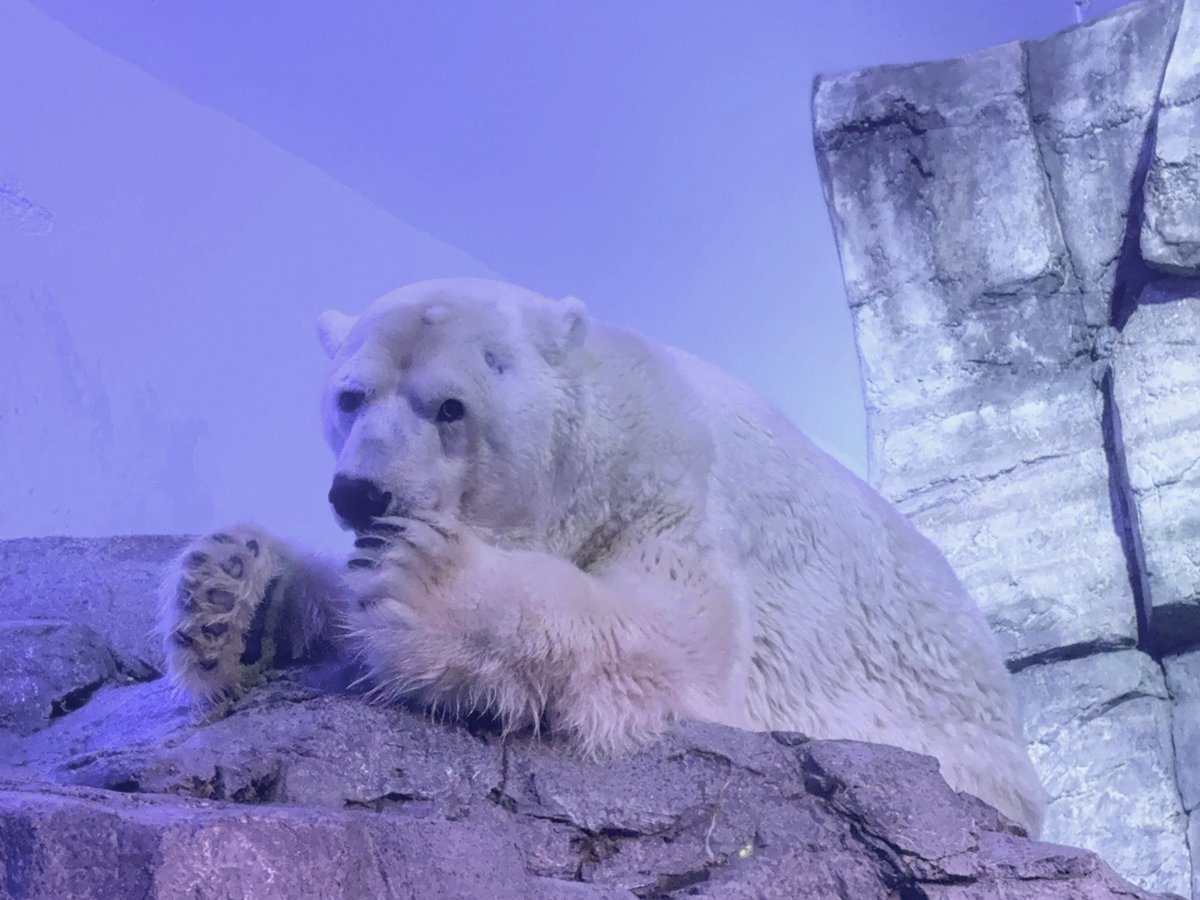 横浜・八景島シーパラダイス公式 tweet media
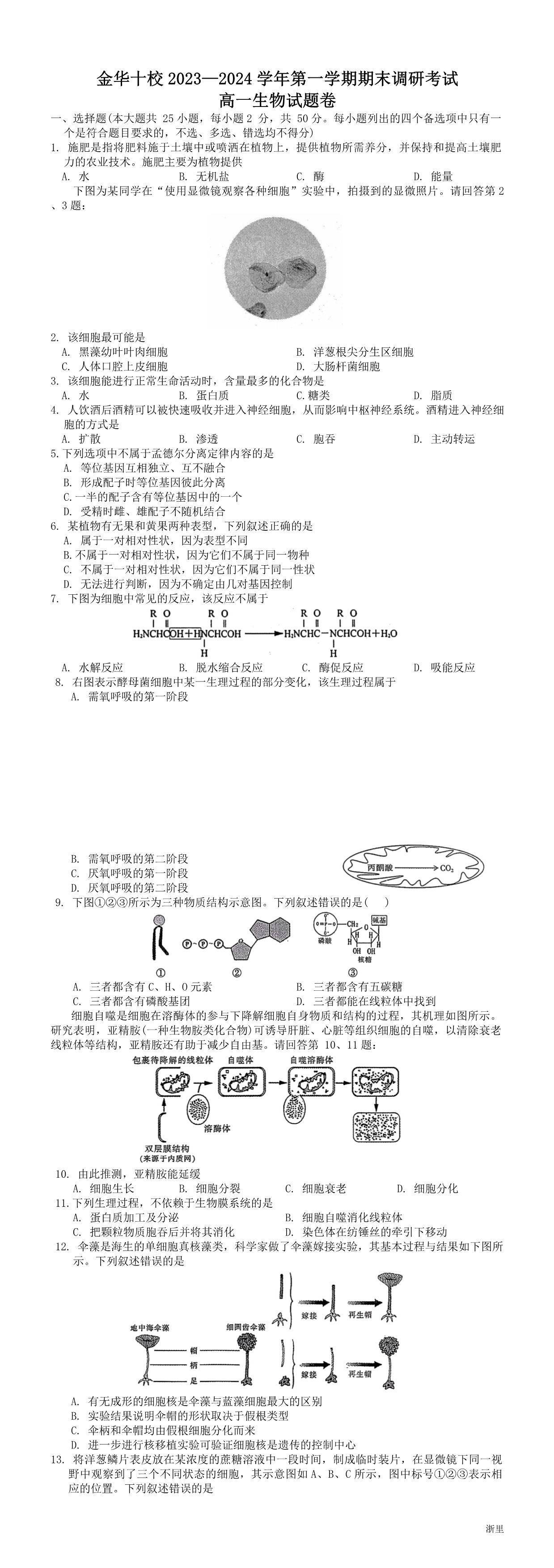 缩略图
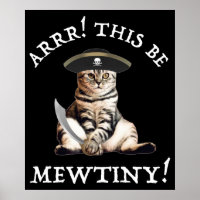 Arr. Dit is heel erg. Pirate Cat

__________

### WHAT YOU NEED TO DO
Reproduce the listing exactly, images omitted.

### RESULT OF THE TASK
 横浜・八景島シーパラダイス公式 tweet media
 缩略图
 Arr. Dit is heel erg. Pirate Cat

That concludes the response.